Supplied data:

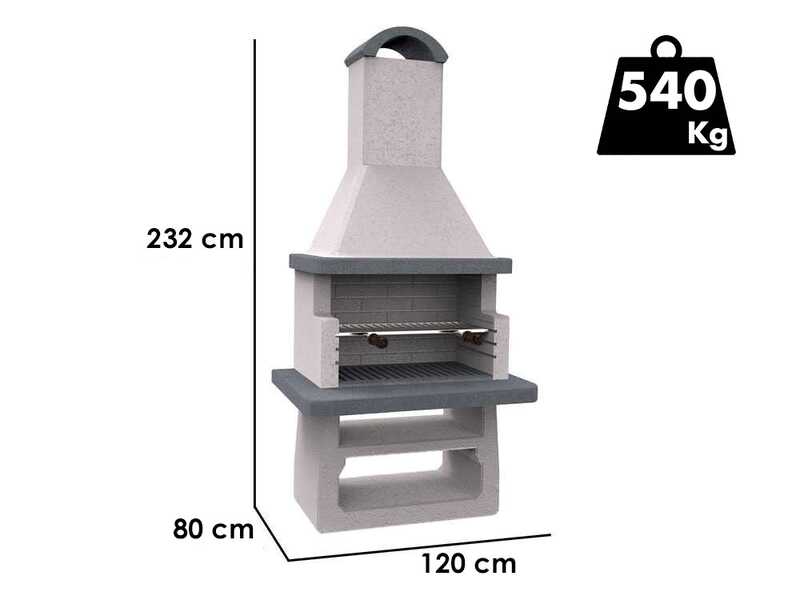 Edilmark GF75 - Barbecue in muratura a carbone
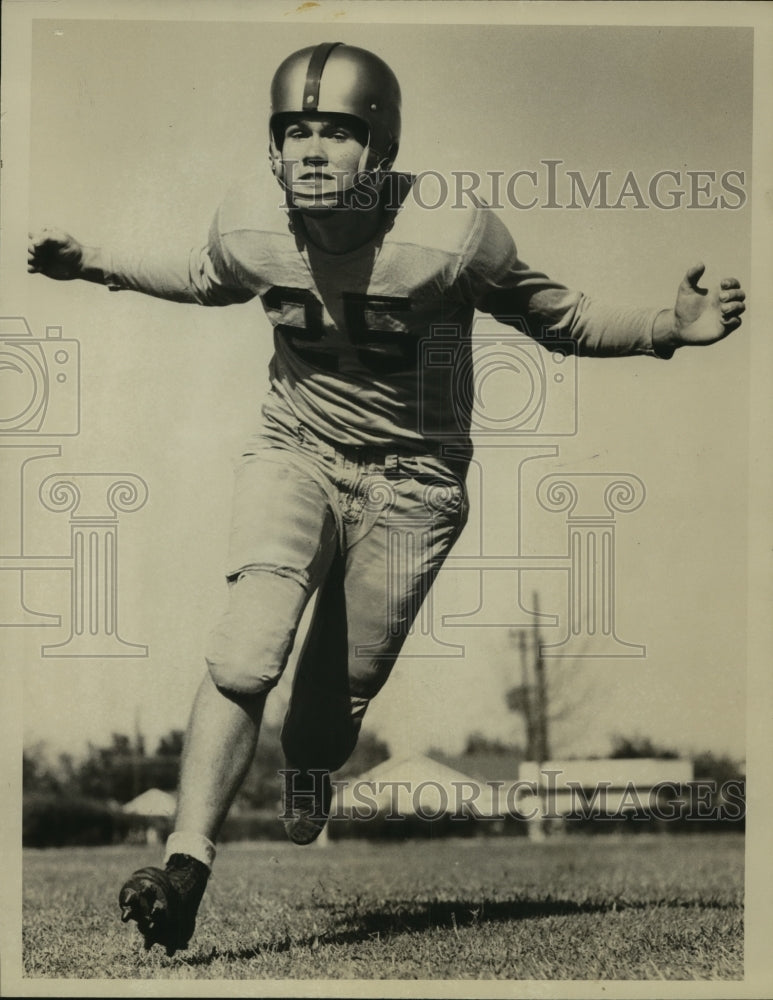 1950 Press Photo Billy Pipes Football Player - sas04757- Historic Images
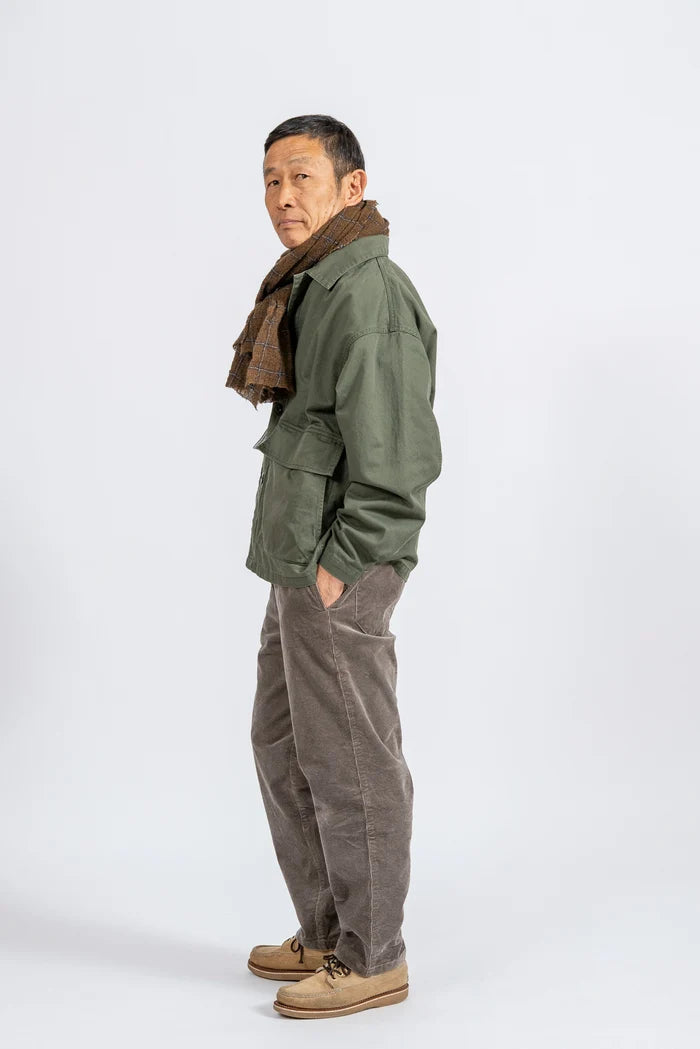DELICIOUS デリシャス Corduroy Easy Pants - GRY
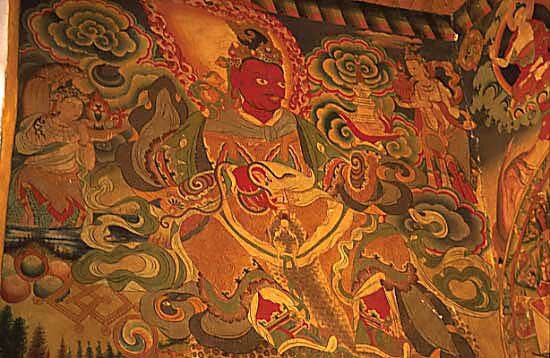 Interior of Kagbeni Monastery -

Work instruction:
Please transcribe the lines from the one containing "DELICIOUS デリシャス Corduroy Easy Pants - GRY" to the last line of the listing, both included, exactly and with nothing added, leaving every picture out.

Solution below:
DELICIOUS デリシャス Corduroy Easy Pants - GRY
 Interior of Kagbeni Monastery -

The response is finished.